Not surprisingly, law enforcement agencies that comply with ICE detainers have been sued for violating the Constitution. Because of rulings by judges in Minnesota and elsewhere, local jurisdictions have paid substantial sums in damages to victims. 

But holding people in violation of their constitutional rights is not just wrongful and expensive: It makes us less safe. Community policing requires trust and engagement between police and the communities they protect. It’s obvious — and studies show — that when people know that the police are acting as immigration-enforcement agents, they hesitate even to communicate — much less cooperate — with the police.

And then there’s the bullying: ICE issues weekly lists accusing hundreds of jurisdictions of declining to honor ICE detainers, and the president has threatened to withhold billions of dollars in grants to “sanctuary jurisdictions.”

A 10th Amendment violation

Withholding grants from states that don’t want to allocate resources to enforcing federal immigration laws would violate the 10th Amendment to the Constitution, which forbids the federal government from conscripting local governments into performing federal functions. Thanks in part to opinions by the late Justice Antonin Scalia (overturning part of the Brady gun-control act) and Chief Justice John Roberts (overturning part of the Affordable Care Act), the federal government cannot hold a “gun to the head” of states that want to spend state money on state priorities instead of federal priorities.

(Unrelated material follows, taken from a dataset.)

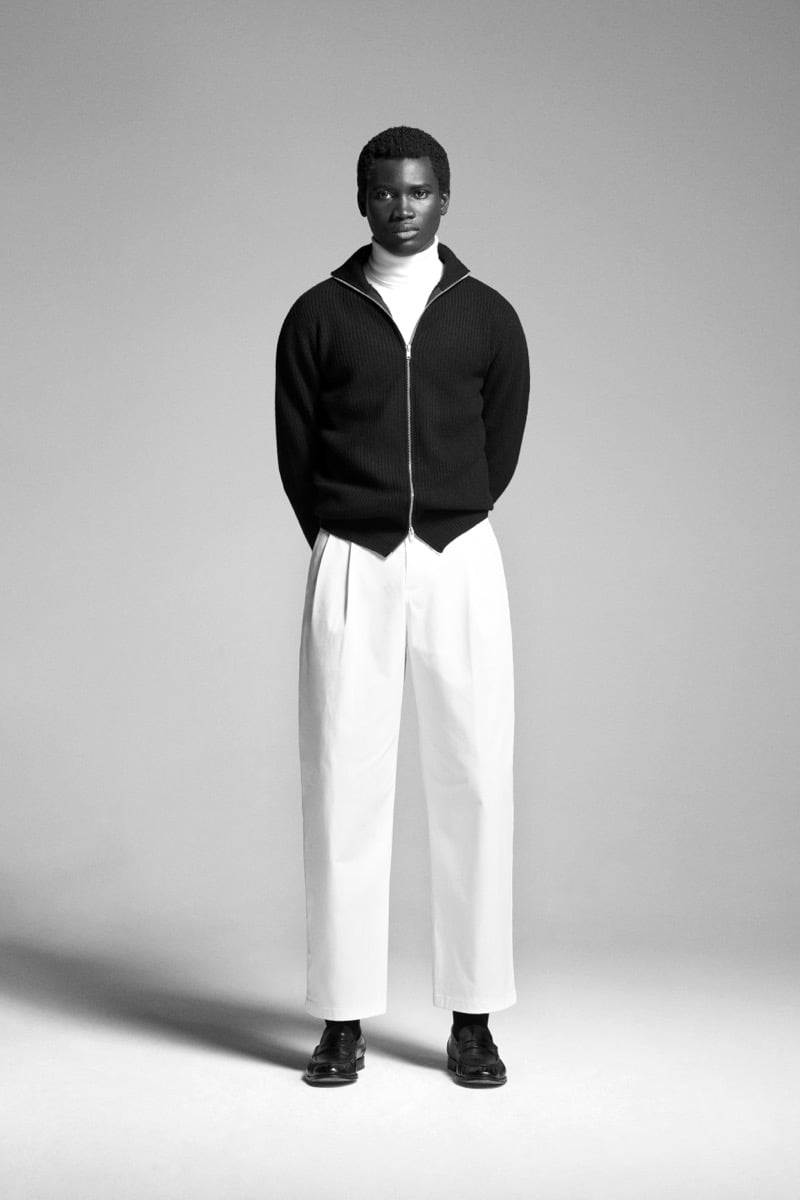 Alexander Acquah wears the John Smedley Mallam eco cashmere zip-front jacket over a turtleneck with cropped wide-leg trousers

Why should we care? Because local law enforcement officials need our support and encouragement to do the best they can to protect and serve us by doing the jobs they were hired to do. Minnesotans are contacting their mayors, city councils, police chiefs, and sheriffs to suggest that they should preserve our Fourth Amendment freedoms and resist the federal government’s attempt to commandeer state and local resources. This resistance is not a recipe for breaking the law. It’s a recipe for following the law and protecting our communities from crime.

The website peoplepower.org has suggestions for how to get involved. If we get together with our state and local governments to pursue the common-sense goals of following the Constitution and focusing on local law enforcement, the final line of “Casablanca” will turn out to be true: “This could be the start of a beautiful friendship.”

John Gordon is the interim legal director of the American Civil Liberties Union of Minnesota.